Walk away is a very valuable negotiating tool
If you are the only offer
3 months:: to my mind; you are probably the only offer, in ↑$↑Sydney↑$↑

If you're set on this property
Make an appointment to view another property with the same agent

want to close: never be the one who wants the deal most, they lose $$
at least never be seen to be the one who wants the deal most

offer/counter still has to make fiscal sense to you, if the vendor is not reasonable, make a lower offer next month, it will still be there.

If all else fails, another member has a signature,
"The deal of a lifetime comes along every day",
make tomorrow's deal
 
Offered $100k less than asking for each property as purchase in one line.

Counter offer of $50k less than listed price for each ad purchase in one line.
.

This could be your problem here - you are basing your offers on the asking/listing price.

The price on the ad isn't what the property is worth or even what they want.

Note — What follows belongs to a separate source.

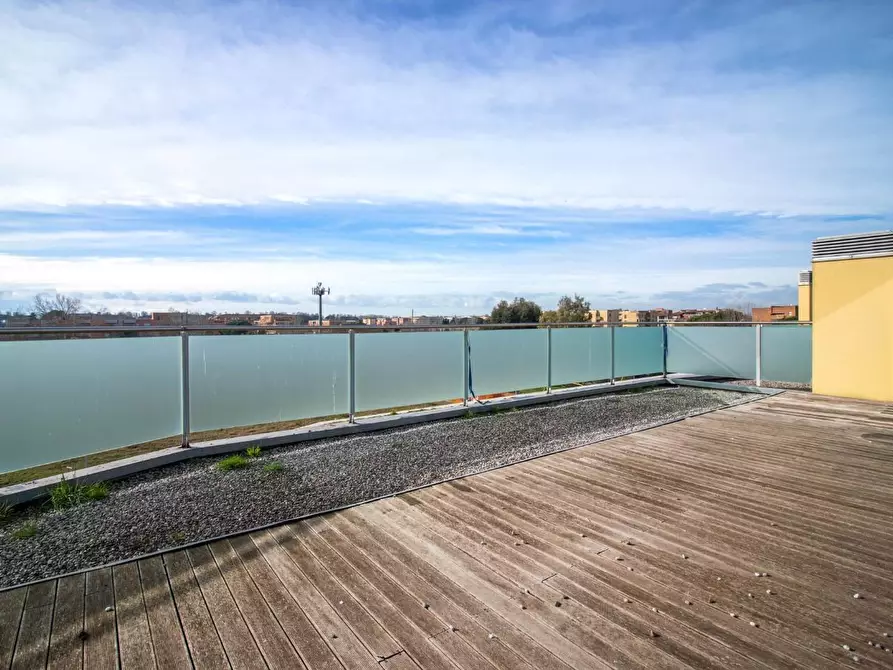 Immagine 12 di Mansarda in vendita  a Pisa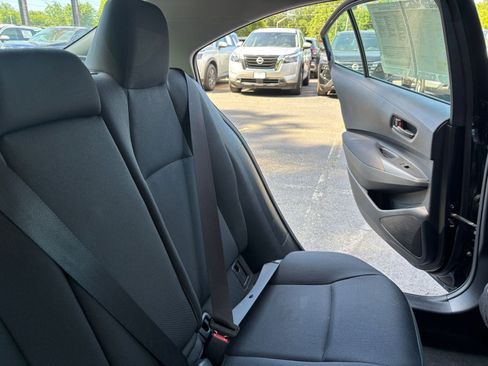 Used 2025 Toyota Corolla LE FWD image 36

Agents underquote and overquote all the time.

Perform your own judgement of true value, using whatever resources (experience in the area, RP data, pricefinder, SQM etc) so you know how much it is worth to both the market and yourself. Factor in yield, definite improvements you can make etc.

Then go back and try and negotiate a bit under what it's true value to you is.

If your personal valuation and the vendors valuations can't meet, then you don't have a deal.
 
If you're set on this property
Make an appointment to view another property with the same agent

That's the best way to make negotiation easier :)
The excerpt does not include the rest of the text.